En matière de passoires énergétiques et de rénovation, l’Europe parle-t-elle d’une seule voix ?
Des législations variées selon les pays européens
Chaque pays européen adopte des approches différentes pour améliorer les performances énergétiques : la loi Climat et Résilience en France, le plan Green Deal au Royaume-Uni, le Superbonus 110% en Italie, etc. Cependant, des points communs existent pour les diagnostics de performance énergétique (DPE) : affichage de la consommation d’énergie, système d’évaluation, durée de validité, et recommandations.
Des différences marquées dans plusieurs aspects :
- L’expression de la consommation d’énergie
- Les seuils de performance minimale et les étiquettes
- La méthode de calcul (avec logiciel et/ou sur factures)
- Le logiciel utilisé pour réaliser le diagnostic
- La stratégie de rénovation élaborée à partir du DPE
Une cacophonie européenne
En France, la consommation est exprimée en kWh/m²/an, tandis qu’en Angleterre, une échelle de 0 à 100 est utilisée. La classe C du DPE français équivaut à la classe B en Wallonie, et à la classe E ou F au Luxembourg. Le nombre de classes varie également : 7 en France, 10 au Luxembourg, 12 aux Pays-Bas. Certains pays ajoutent des critères spécifiques comme les émissions de gaz à effet de serre, les sources d’énergie non renouvelables, et les combustibles fossiles. Aux Pays-Bas, des sous-catégories telles que A++, A+++ ont été créées.
Les méthodes de calcul divergent aussi :
- La méthode de la consommation conventionnelle (méthode 3CL en France)
- La méthode de la consommation réelle sur factures (supprimée en France en juillet 2021)
Ces disparités rendent les comparaisons entre pays difficiles, voire impossibles.
France : une politique stricte
La France se positionne comme le modèle européen de lutte contre les passoires énergétiques : gel des loyers des passoires thermiques depuis le 24 août 2022, et interdiction progressive de mise en location des logements les plus énergivores, qualifiés d’« indécents ». L’État exige un effort considérable des propriétaires, mais l’accompagnement reste inadapté. Selon Michel Platero, past-Président Fnaim du Grand Paris, le DPE est une « grande injustice ».
Italie : promotion des énergies renouvelables
L’Italie adopte une approche plus flexible. Depuis le 1er janvier 2018, toutes les habitations construites ou rénovées doivent couvrir 50% de leur consommation avec des énergies renouvelables, via des systèmes éoliens, solaires ou géothermiques.
Belgique : les « loyers chauds »
En Wallonie, le certificat de performance énergétique (CPE) est obligatoire à la location et à la vente, similaire au DPE en France. Une extrapolation des frais énergétiques à partir des consommations mentionnées dans le CPE permet d’estimer le « loyer chaud », incitant ainsi les propriétaires à améliorer la performance énergétique de leurs biens.

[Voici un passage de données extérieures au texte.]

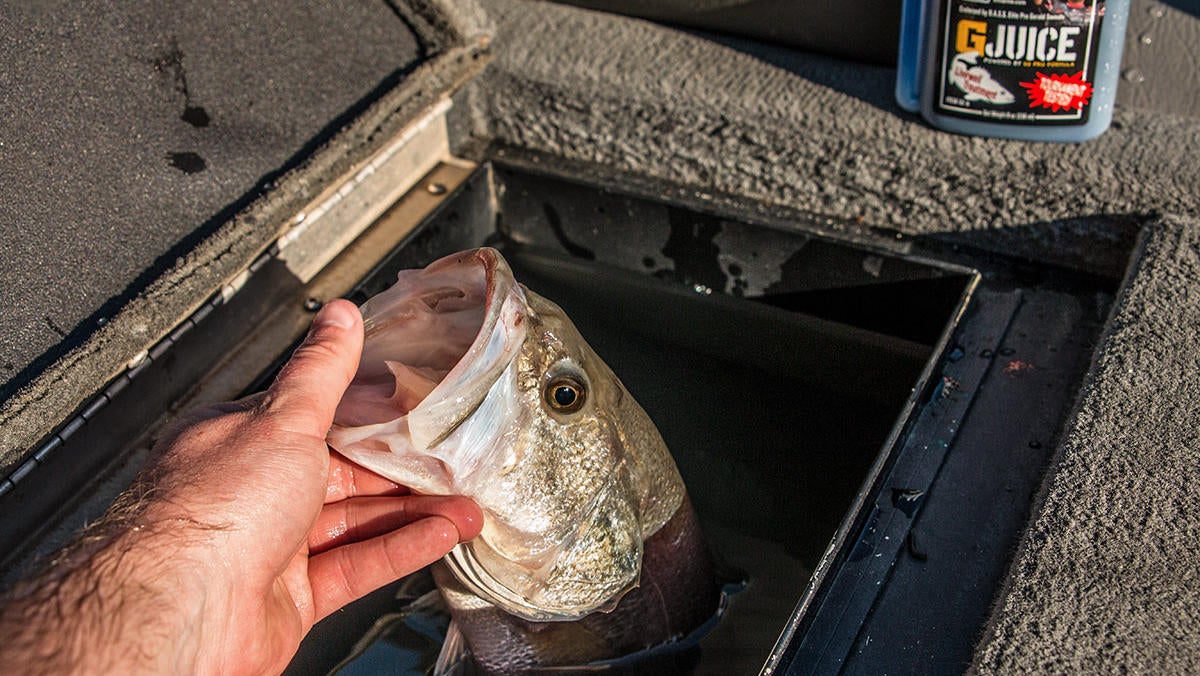 winter-bass-fishing-tips-for-co-anglers-2.jpg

Allemagne : des subventions attractives
L’Allemagne offre jusqu’à 75 000€ pour les travaux de rénovation, incluant le recours à un expert en efficacité énergétique. Les propriétaires bénéficient également d’un crédit d’impôt de 20% des dépenses, avec un maximum de 40 000€.
Espagne : un diagnostic unique
En Espagne, un seul diagnostic obligatoire depuis 2013, le Certificado de eficiencia energética, suffit. Il n’y a pas de dossier de diagnostic technique (DDT) ni de restriction au droit de propriété.

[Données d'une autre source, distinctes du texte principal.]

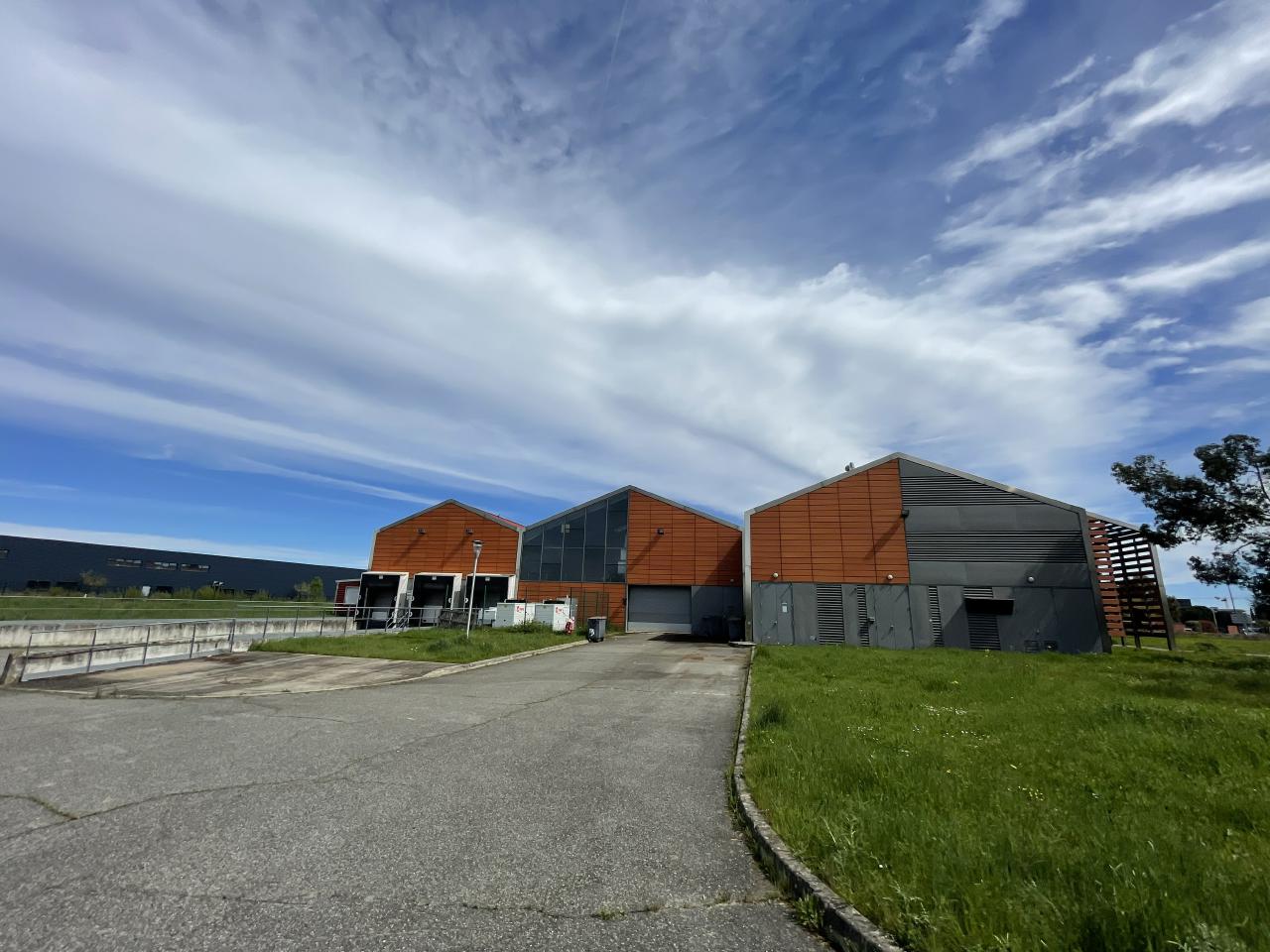 Location local d'activité Toulouse Haute-Garonne OLACT2421873 4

Grande-Bretagne : le Green Deal
Le Green Deal britannique implique des intervenants labellisés pour financer les travaux de rénovation. Toutefois, avec des taux d’intérêt supérieurs à 8 % et sans autres incitations, l’initiative rencontre peu de succès.
L’Europe en désaccord sur la rénovation énergétique
Les politiques de rénovation énergétique en Europe sont loin d’être uniformes. La France impose des mesures strictes, tandis que d’autres pays adoptent des approches plus souples. La Commission européenne cherche à harmoniser ces pratiques en 2023, mais cela pourrait entraîner plus de contraintes. Les syndicats de professionnels immobiliers européens devront plaider pour des solutions adaptées aux réalités techniques et économiques.